The Unity App notification dinged at the bottom of the screen:
“Reminder: Your Unity Index Score is under review. Please confirm your compliance.”
The video ended with a caption:
“This will probably be my last post. If I disappear, you know why.”
TikTok #5: The Border War
The video opened with chaotic, handheld footage of the border at dusk. Gunfire crackled in the distance, and plumes of smoke rose from burning vehicles. Sirens wailed as border enforcement agents ducked behind their trucks, returning fire at unseen attackers on the other side. The camera panned wildly before settling on a news chyron flashing across a TV screen: “Gangs Declare War on Border Agents—Bounty Issued.”
A man’s voice, breathless and panicked, narrated over the footage. “This isn’t a skirmish anymore—this is war. The cartels put a price on every agent’s head, and now we’ve got shootouts at the crossings every night. Border agents are running people down in the streets.
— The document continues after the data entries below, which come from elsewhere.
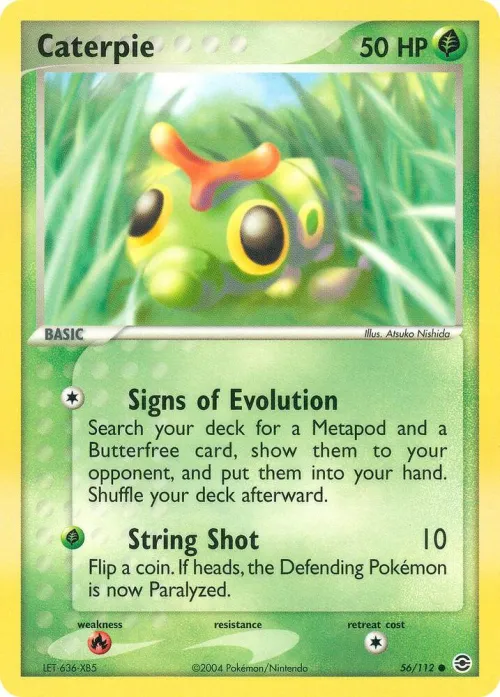 Caterpie - Reverse Holo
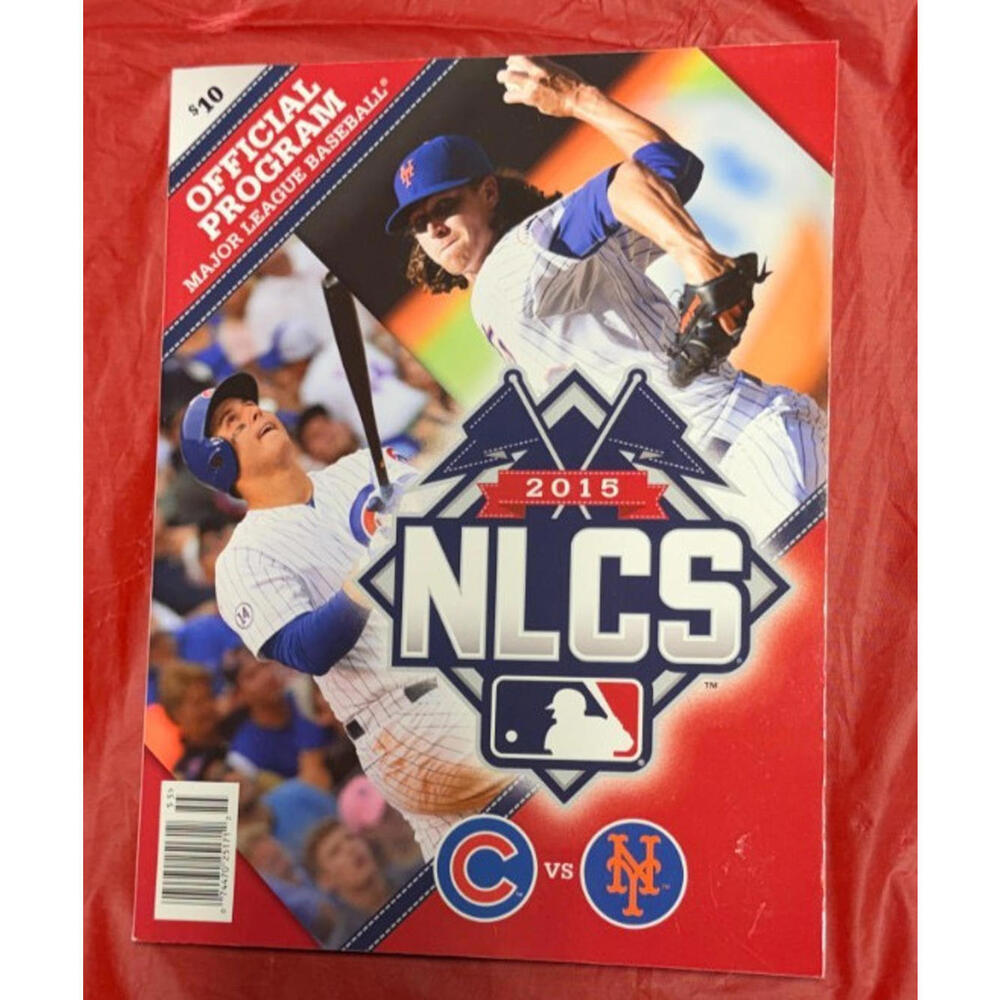 2015 NLCS Official Program Chicago Cubs vs New York Mets MLB Baseball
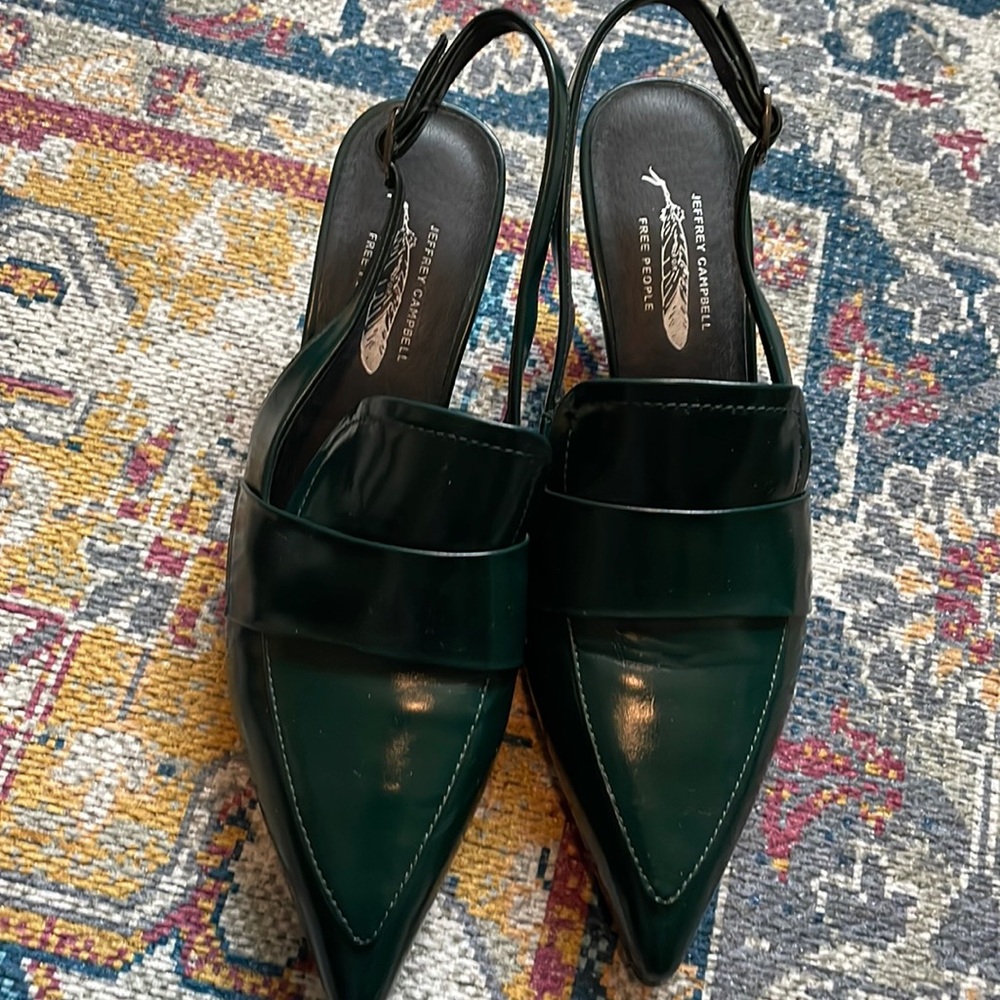 Jeffrey Campbell Free People kitten heels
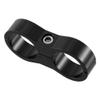 X AUTOHAUX Aluminum Alloy AN12 Car Hose Separator Clamp Fuel Line Connector for Oil Fuel Hose Black view 1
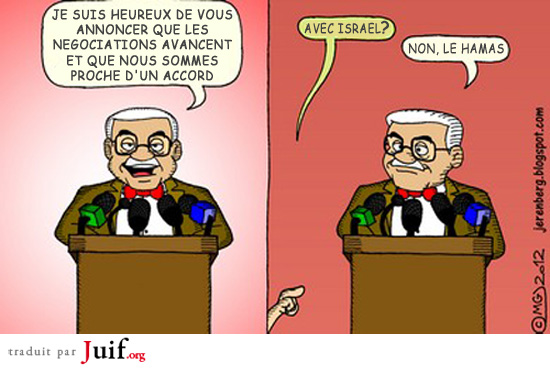 Les avances de Mahmoud Abbas - © Jerusalem Post
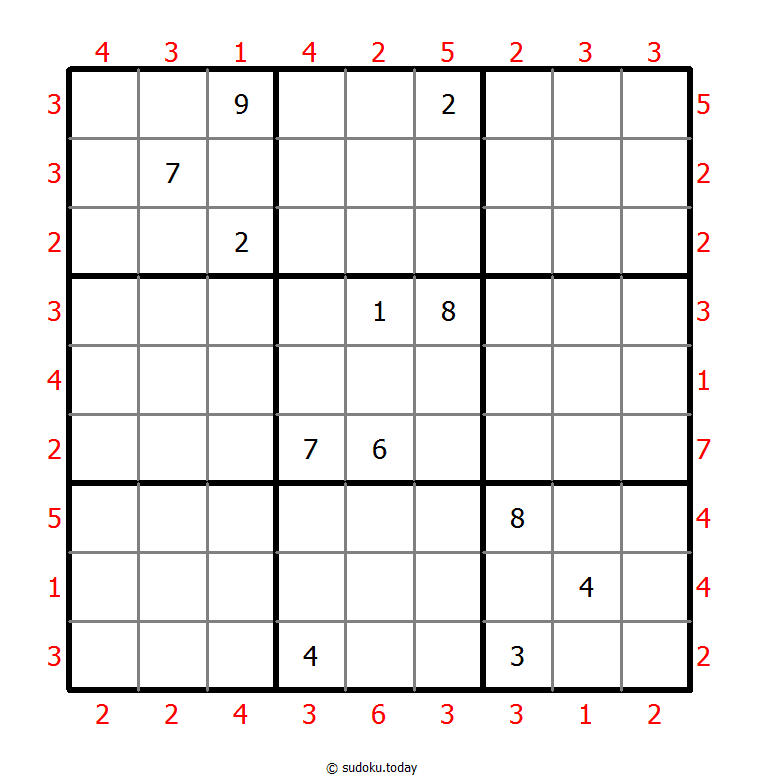 摩天大楼数独 #46433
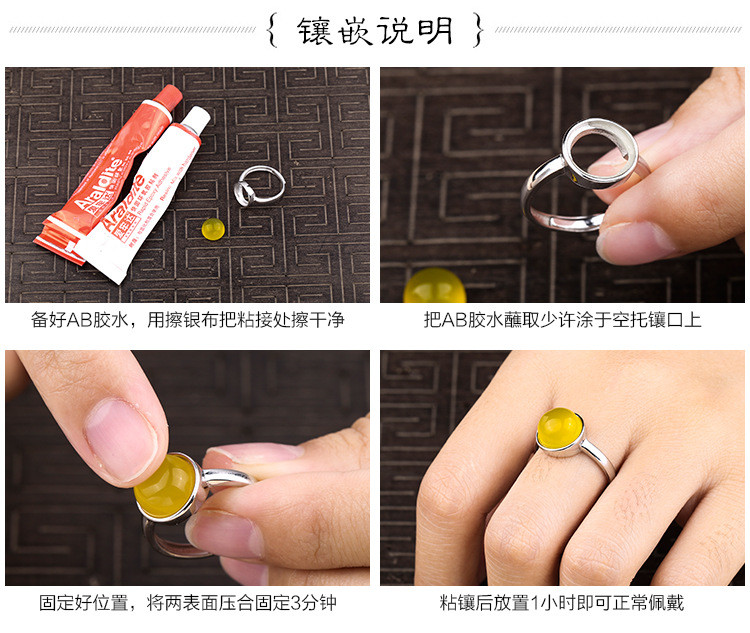 Ring Frame | 925 Sterling Silver Men's and Women's Open Ring Frame ...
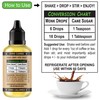Monk Drops - 100% Monkfruit Liquid Sweetener, Zero Glycemic, Zero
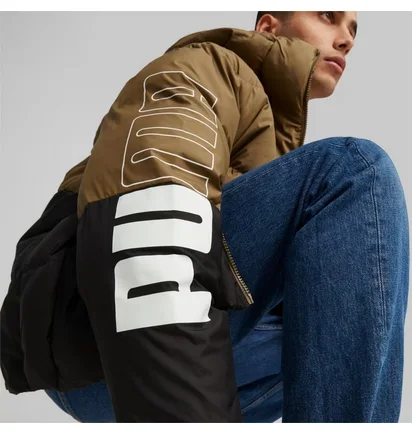 Куртка чоловіча Puma Power Hooded Jacket Brown/Black 675389-03
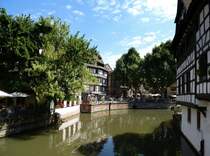 Straburg, an der Ill im Stadtteil Klein Frankreich (Petite France), Juli 2016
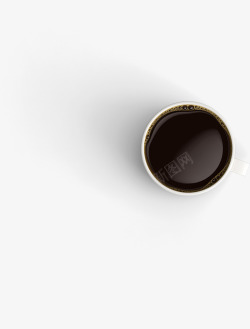 黑色咖啡杯子效果素材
Look at this!” The screen cut to grainy security footage of an SUV plowing through a group of unarmed migrants, bodies flung like rag dolls across the pavement. Another clip followed, this time of an agent stepping out of his truck, scanning the carnage, then calmly getting back in and driving away.
The video cut back to the original poster, their face pale in the glow of the screen. “What is happening?! We sealed the borders, we cracked down, we did everything they told us to—and now it’s worse than ever.”
The caption below the video read: “This isn’t law and order. This is slaughter.”
Cora pushed the button on her phone, the screen going black. The room plunged into darkness.
The power had been flickering for days, rationed now that their closest trading partners had blocked energy exports. The Circle had promised resilience, promised that their country would stand strong on its own. But now the lights were going out, the factories were silent, and the cities had become graveyards of empty streets and hushed whispers.
She sat motionless in the darkness, staring into nothing, feeling nothing. The anger had burned out. The fear had dulled. There was only exhaustion, the slow, creeping numbness of watching everything fall apart in real time.
The silence pressed in on her. No notifications, no news, no voices, just the distant sound of sirens in the streets below.
The final phase had begun.
And there was nothing left to do but wait.